Fifty seconds for a one-foot putt: Is slow play killing golf?

genesis open 2019 champion, J.B. Holmes

genesis open 2019 champion, J.B. Holmes; @GenesisOpen


Powered by Guardian.co.ukThis article titled “Fifty seconds for a one-foot putt: Is slow play killing golf?” was written by Anya Alvarez, for theguardian.com on Wednesday 20th February 2019 10.00 UTC

The video says it all: as JB Holmes paced a 15-foot putt at the Genesis Open, he checked his yardage book thoroughly, presumably looking over notes that he had taken during a practice round. Then he plum bobbed with his putter, stepped away and plum bobbed again, stared down the line of the putt as if he were hunting prey, stood over the ball, then finally hit a shot. Which he missed. It got worse: he then took 50 seconds to hole the one-footer that remained, an age for something even amateurs would consider a tap-in.

Despite Holmes breaking the pace of play rule over and over again during the round – the rule book allows players 40 seconds to take their shot – officials failed to give him a penalty.
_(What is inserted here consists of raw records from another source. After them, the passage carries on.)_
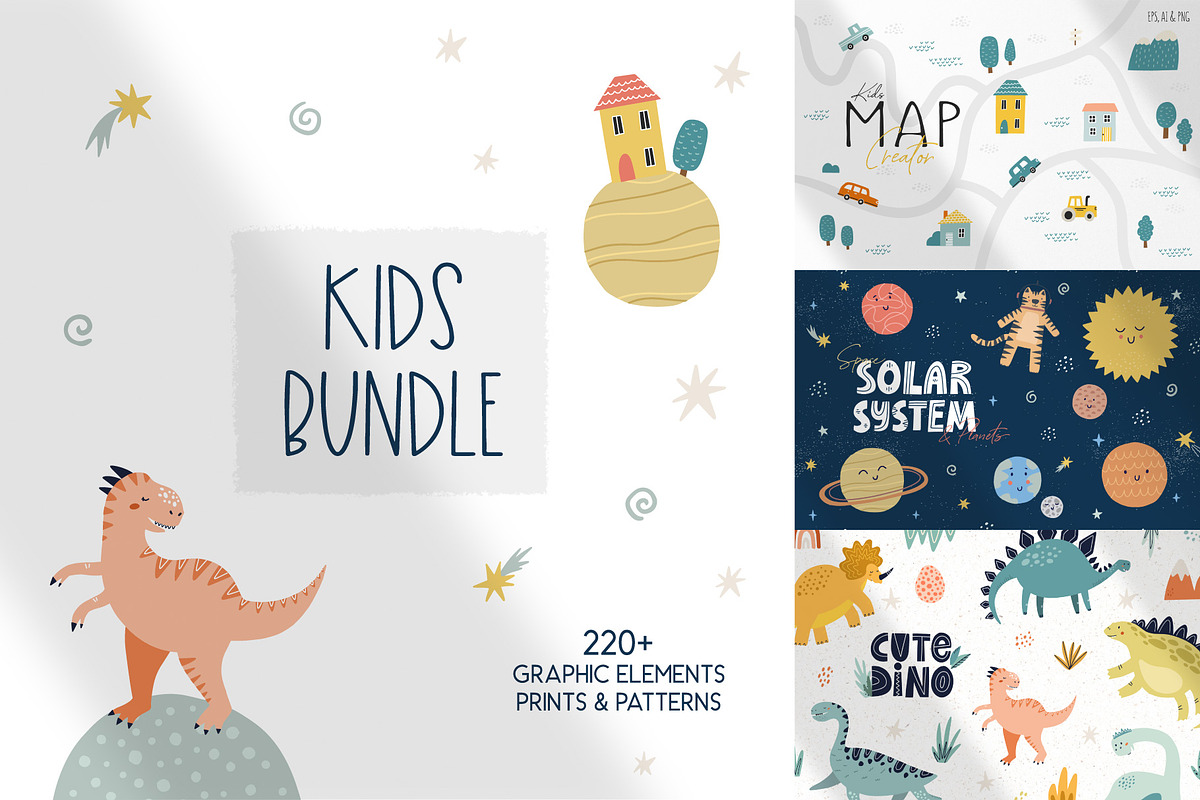 Cute Bundle. Map creator, space dino, an Object Graphic by MaNechaeva (Photo 1 of 22)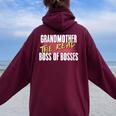 Grandma Nonna Cuello Women Oversized Hoodie Back Print Maroon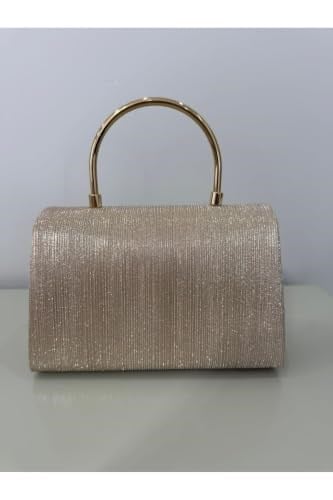 Gold Işıltılı Clutch Abiye Çanta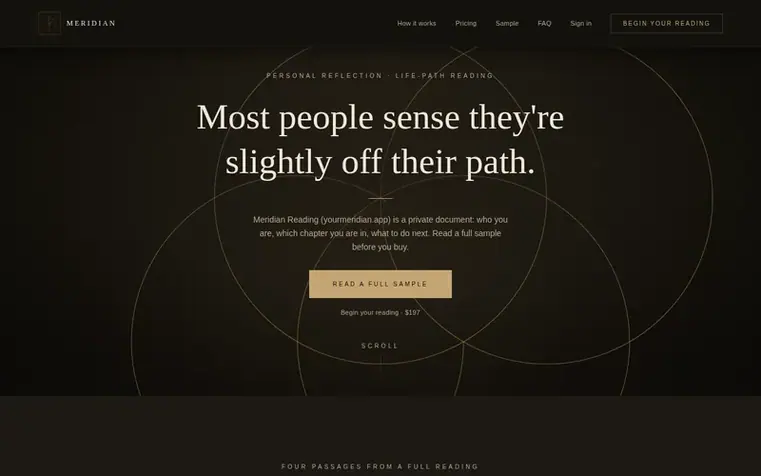 Screenshot of the Meridian homepage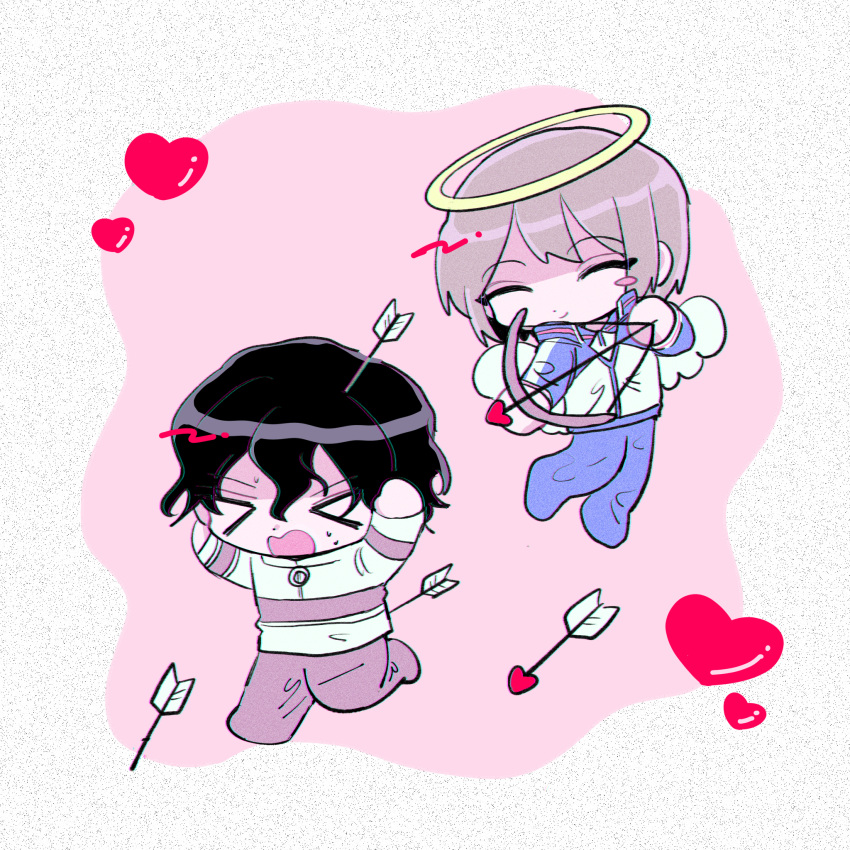 >_<, 2boys, ^_^, angel, angel_wings, arrow_(projectile), arrow_in_head, black_hair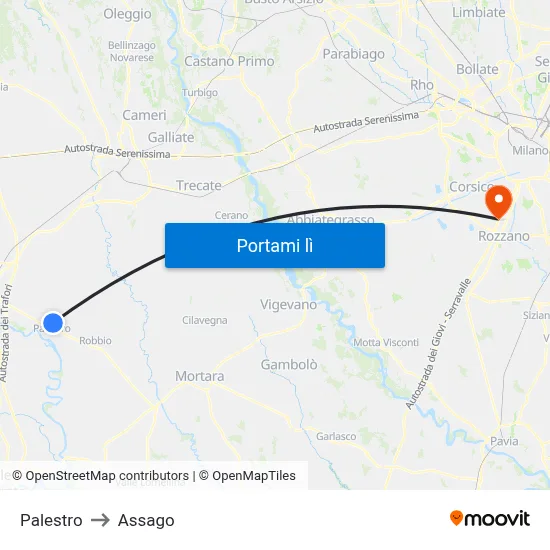 Palestro to Assago map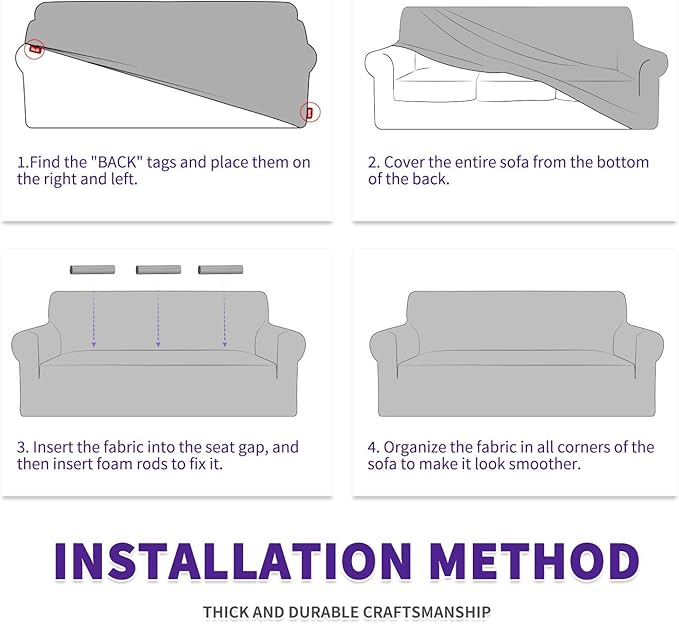 ZNSAYOTX Super Stretch Couch Cover Love Seat Sofa Covers - Image 9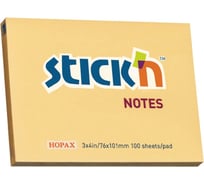 Самоклеящийся бумажный блок STICK`N 21392 76x101 мм, 100 листов, 70 г/м2, пастель, оранжевый, 12 шт в упаковке 822720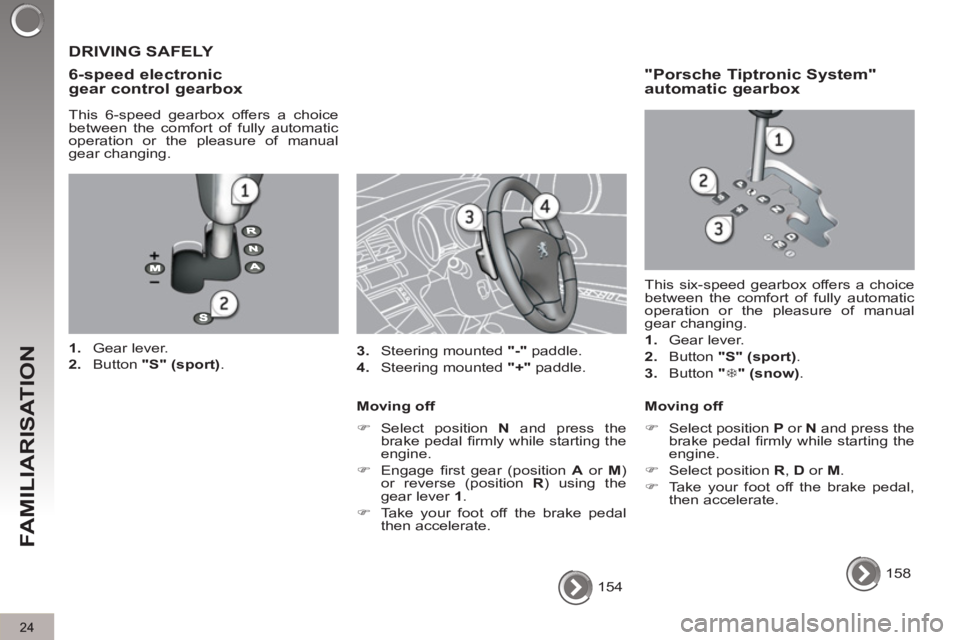 PEUGEOT 3008 2011.5  Owners Manual 24
FAMILIARISATION
  154  
 
 
DRIVING SAFELY 
   
6-speed electronic 
gear control gearbox 
   
This 6-speed gearbox offers a choice 
between the comfort of fully automatic 
operation or the pleasure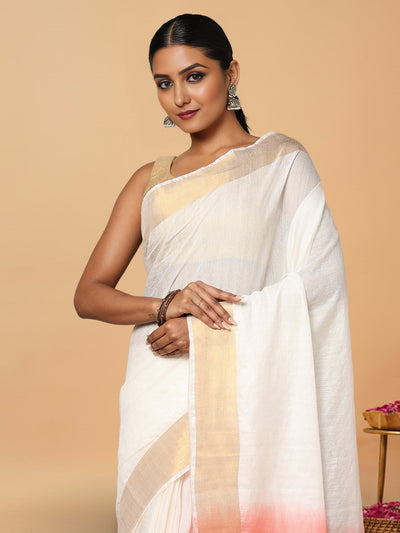 Handloom Kota Silk Serene Beige & Rust Orange Saree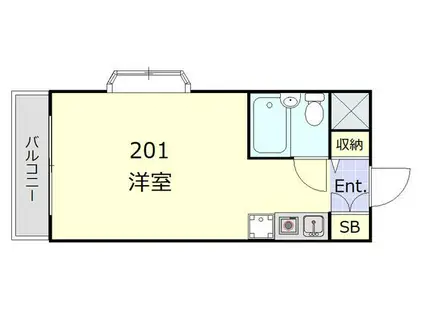 エクセレント蒲田(ワンルーム/2階)の間取り写真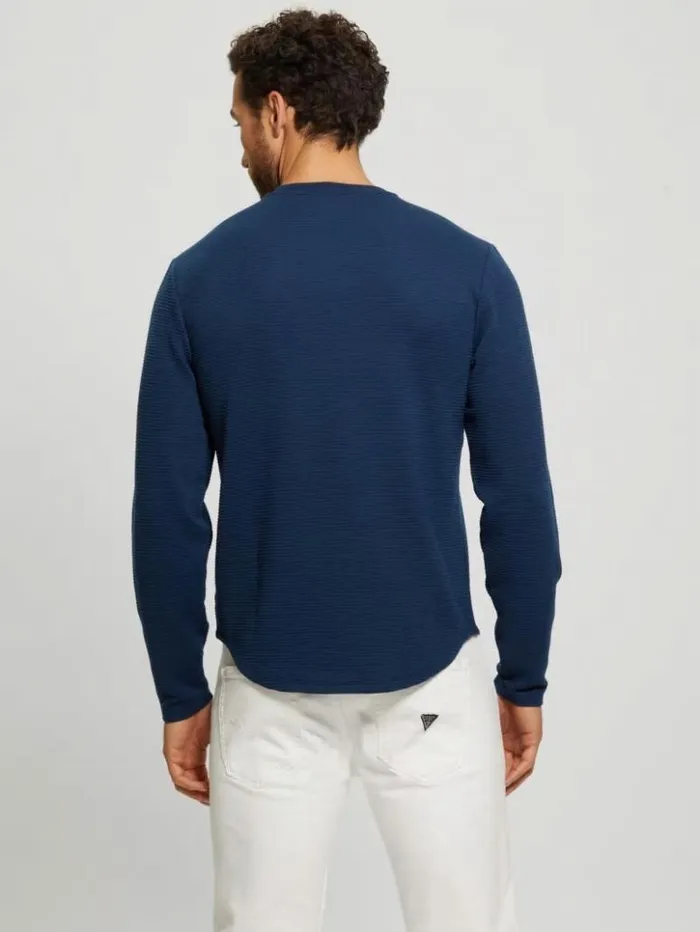 Men GUESS TShirts and Tanks Textured Longsleeve Tee Silk Blue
So it was little wonder the round took five-and-a-half hours, 60 minutes more than the suggested pace of play. Holmes is not the only offender on tour. Jordan Spieth and Bryson DeChambeau have faced criticism for their slow play, and early on in Sergio Garcia’s career he was notorious for standing over the ball for what felt like an eternity.

I hate to watch slow play because it’s painful reminder that I was a serial offender during my professional playing days. I would step over a shot, only to back off three or four times, and take countless practice swings until finally pulling the trigger. My indecisiveness – driven by anxiety – undoubtedly hurt my playing partners. Not until I received a one-stroke penalty for slow play did I start to speed up. On top of that, other players confronted me and told me how problematic it was for them. The LPGA was right to penalize me, and my playing partners were right to vent their frustration.

It appears PGA Tour players are just as frustrated by slow play as their counterparts on the LPGA. Zac Blair wrote on Twitter that Holmes’s play was “ridiculous and … beyond disrespectful to your playing partners and golf in general”. Meanwhile the 2013 Masters champion Adam Scott, who played with Holmes in the final round on Sunday, said sponsors should take action. “The tour is an entertainment business and a big money maker for a lot of people,” Scott said this week. “Until sponsors and TV tell the commissioner you guys play too slow and we’re not putting money up, it’s a waste of time talking about because it’s not going to change.”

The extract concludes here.